## Task item
Write out the lines below exactly, beginning at the one with "This is my Pontiac" and stopping after the one with "If you go on"; the pictures are not copied.

## Given entries
__________________________________________________
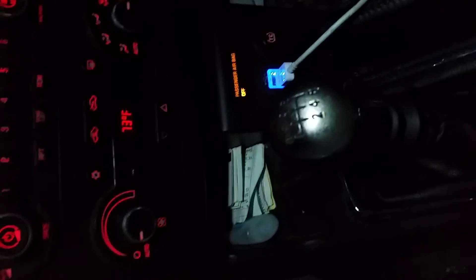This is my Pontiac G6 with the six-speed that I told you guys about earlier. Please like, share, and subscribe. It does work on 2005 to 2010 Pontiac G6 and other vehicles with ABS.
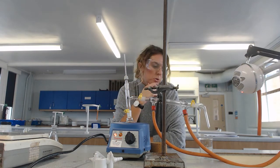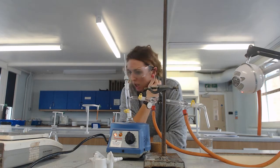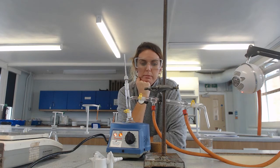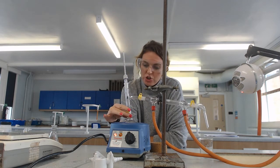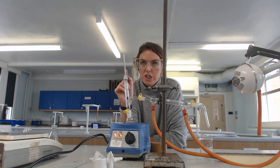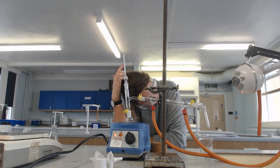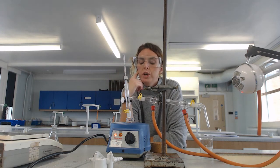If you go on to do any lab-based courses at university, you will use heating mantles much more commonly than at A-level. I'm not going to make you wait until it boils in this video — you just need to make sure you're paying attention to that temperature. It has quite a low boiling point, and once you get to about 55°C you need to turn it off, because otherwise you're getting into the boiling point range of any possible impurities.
__________________________________________________
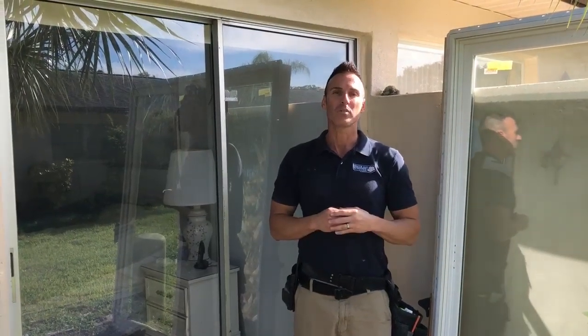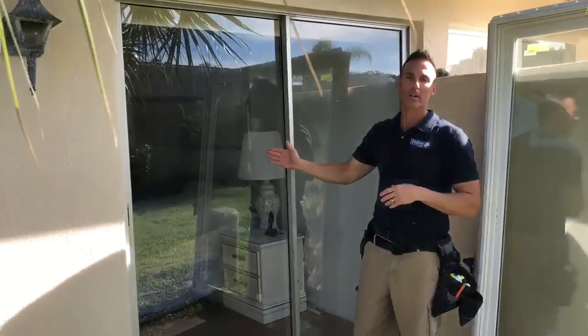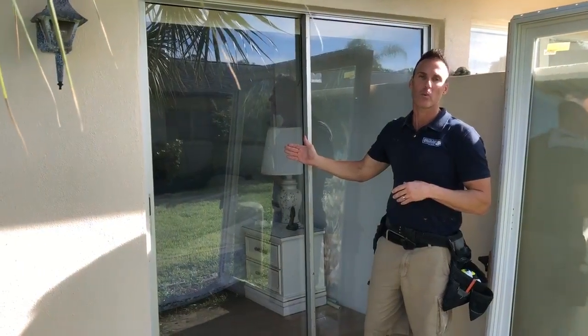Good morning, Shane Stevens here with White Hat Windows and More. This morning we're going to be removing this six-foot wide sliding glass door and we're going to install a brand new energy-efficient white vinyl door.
__________________________________________________
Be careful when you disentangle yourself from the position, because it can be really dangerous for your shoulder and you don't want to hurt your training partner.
__________________________________________________
## Exercise result
This is my Pontiac G6 with the six-speed that I told you guys about earlier. Please like, share, and subscribe. It does work on 2005 to 2010 Pontiac G6 and other vehicles with ABS.
If you go on to do any lab-based courses at university, you will use heating mantles much more commonly than at A-level. I'm not going to make you wait until it boils in this video — you just need to make sure you're paying attention to that temperature. It has quite a low boiling point, and once you get to about 55°C you need to turn it off, because otherwise you're getting into the boiling point range of any possible impurities.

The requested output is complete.